-------- Provided records --------
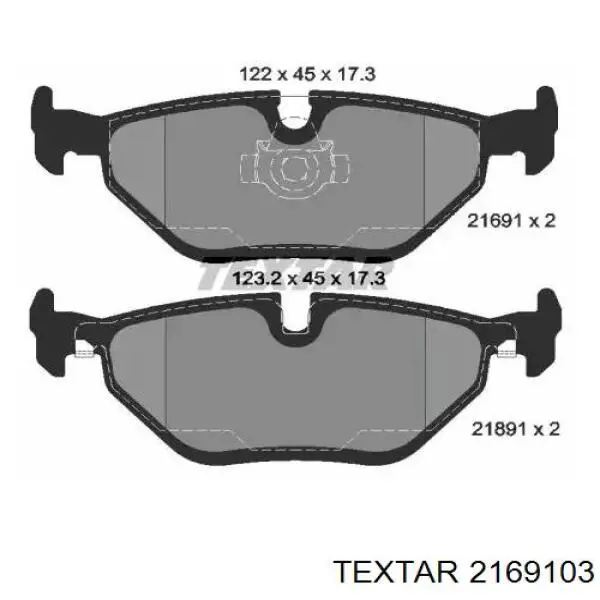 Колодки тормозные задние дисковые Textar 2169103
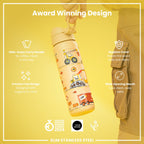 Leak Proof Slim Water Bottle, Stainless Steel, Diggers, 600ml (20oz)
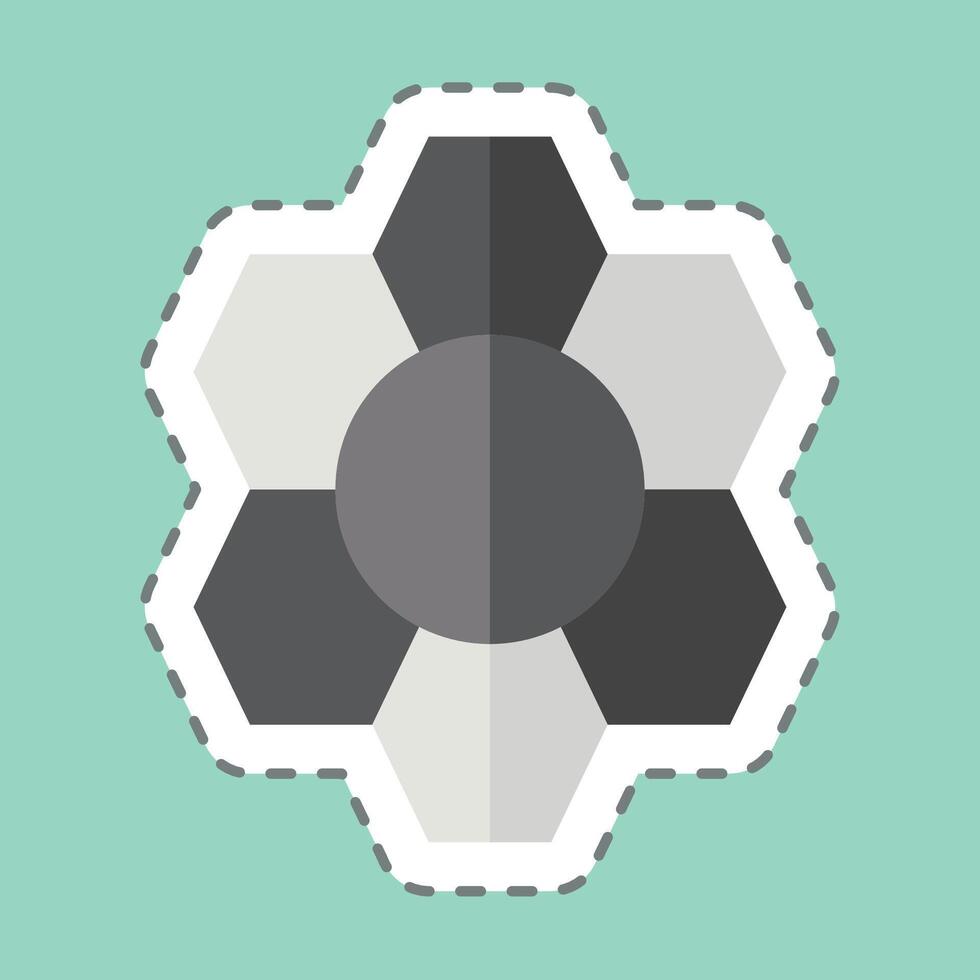 Sticker line cut Pattern Recognition. related to Bioengineering symbol vector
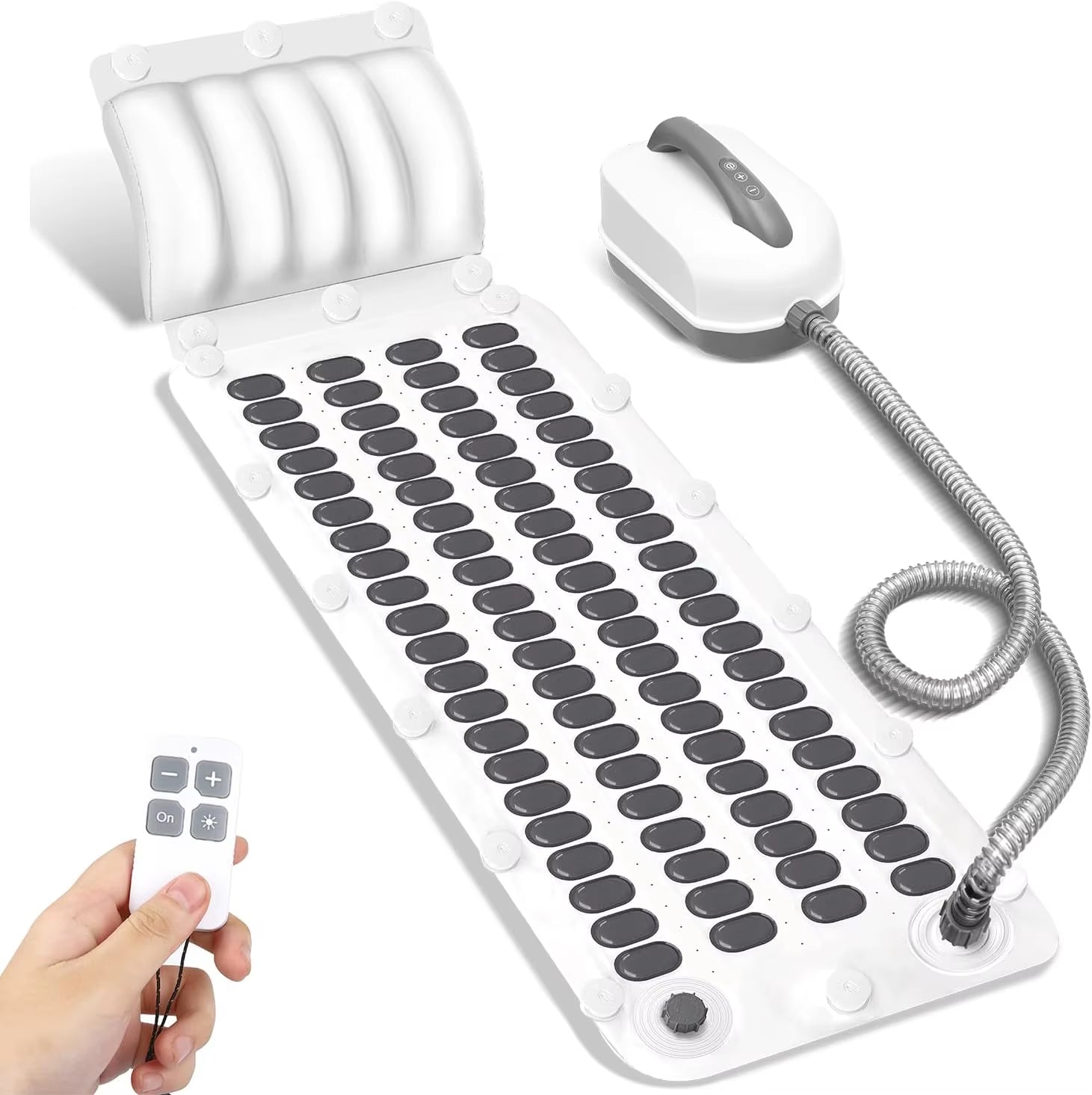Portable Jacuzzi Bubble Bath Mat, Waterproof Non-Slip Full Body Massage Pad for Family Bathroom Private Spa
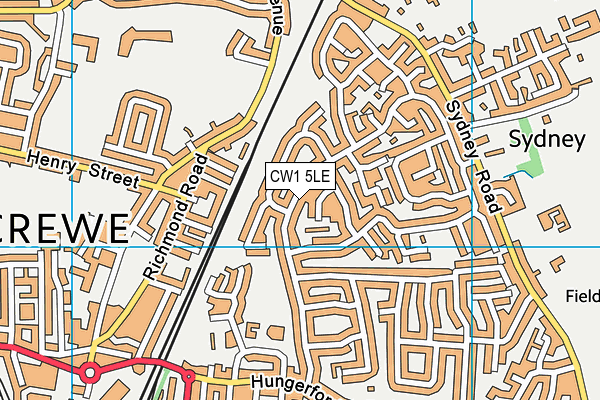 CW1 5LE map - OS VectorMap District (Ordnance Survey)
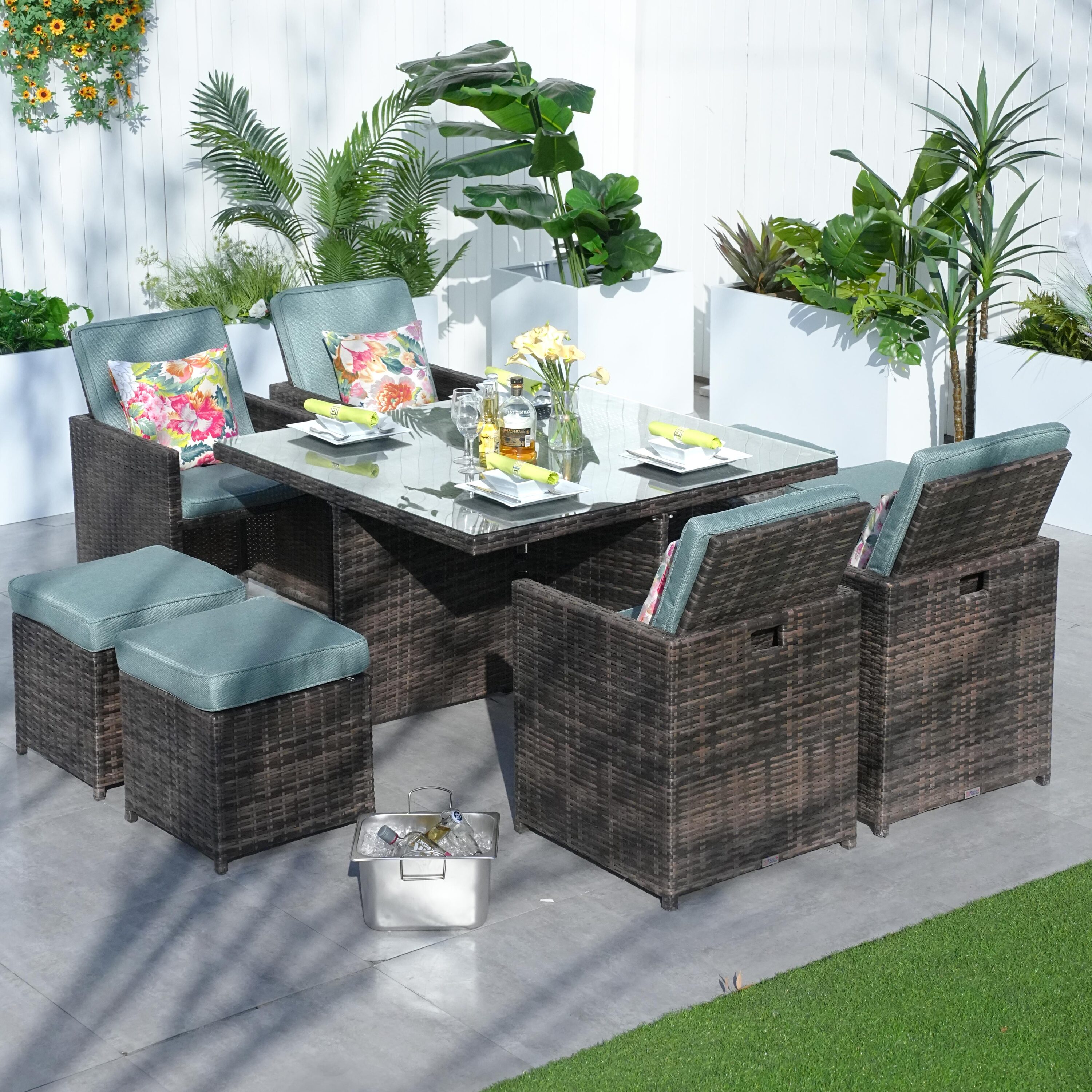 Direct Wicker DWD-3234BR-CE 11 -Piece brown Wicker Patio Dining Set Wicker Rectangle Table with 6 Green Cushions Stationary Chairs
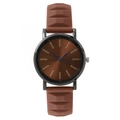 Minimalist quartz watch with brown 3D geometric silicone strap and blue analog hands - Coffee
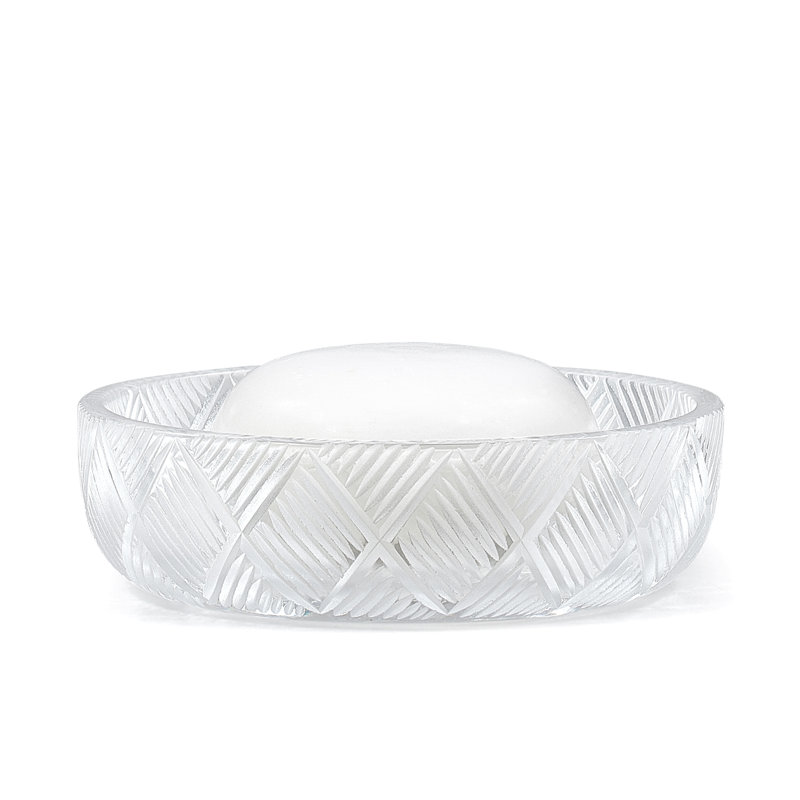 Basketweave Glass Soap Dish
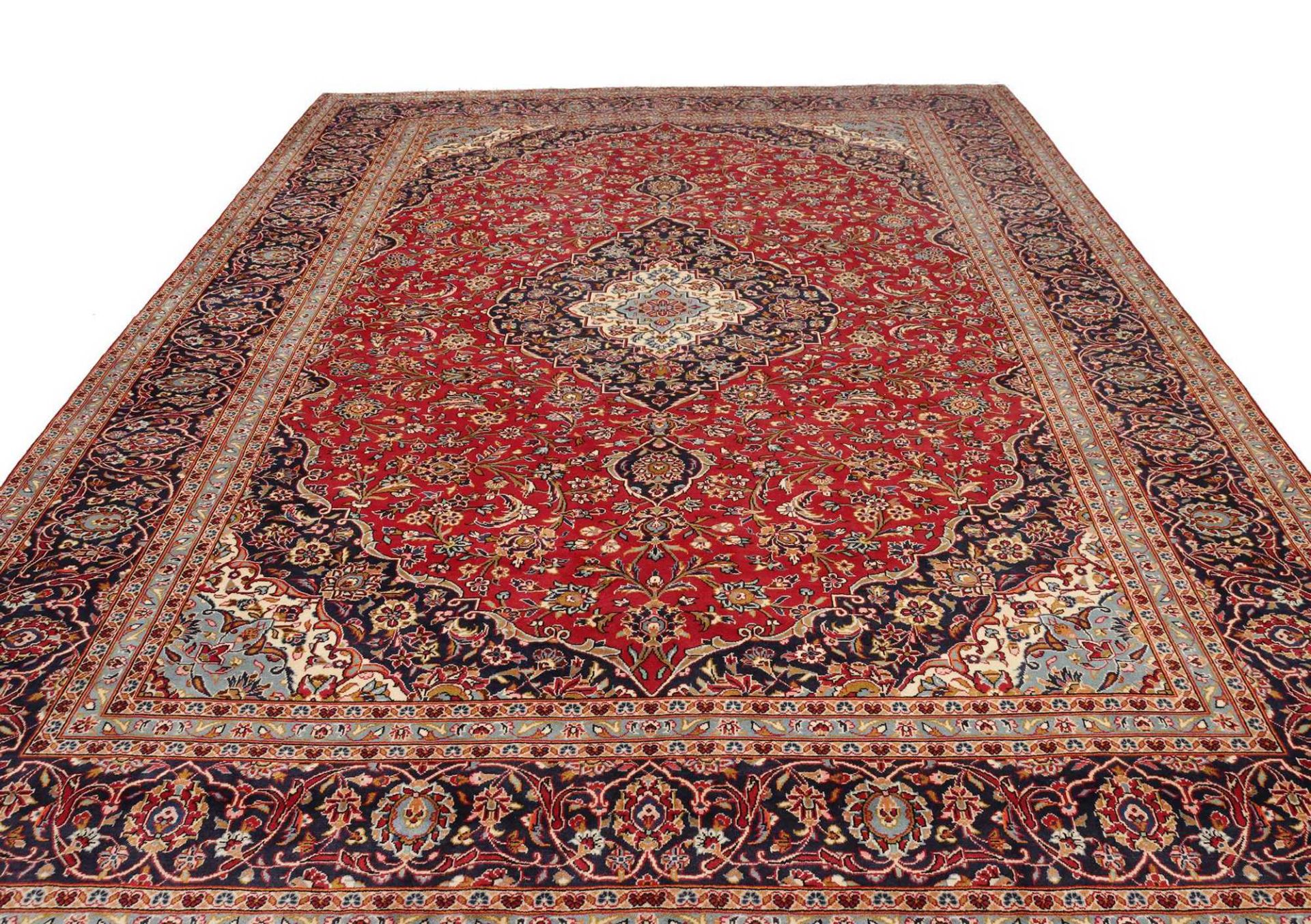 Handgeknüpfter Kashan Perserteppich 301 × 394 cm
--------
Transcribe the records above exactly, without images.

[Output for this task]
 Колодки тормозные задние дисковые Textar 2169103
 Leak Proof Slim Water Bottle, Stainless Steel, Diggers, 600ml (20oz)
 Sticker line cut Pattern Recognition. related to Bioengineering symbol vector
Portable Jacuzzi Bubble Bath Mat, Waterproof Non-Slip Full Body Massage Pad for Family Bathroom Private Spa
 CW1 5LE map - OS VectorMap District (Ordnance Survey)
 Direct Wicker DWD-3234BR-CE 11 -Piece brown Wicker Patio Dining Set Wicker Rectangle Table with 6 Green Cushions Stationary Chairs
 Minimalist quartz watch with brown 3D geometric silicone strap and blue analog hands - Coffee
 Basketweave Glass Soap Dish
 Handgeknüpfter Kashan Perserteppich 301 × 394 cm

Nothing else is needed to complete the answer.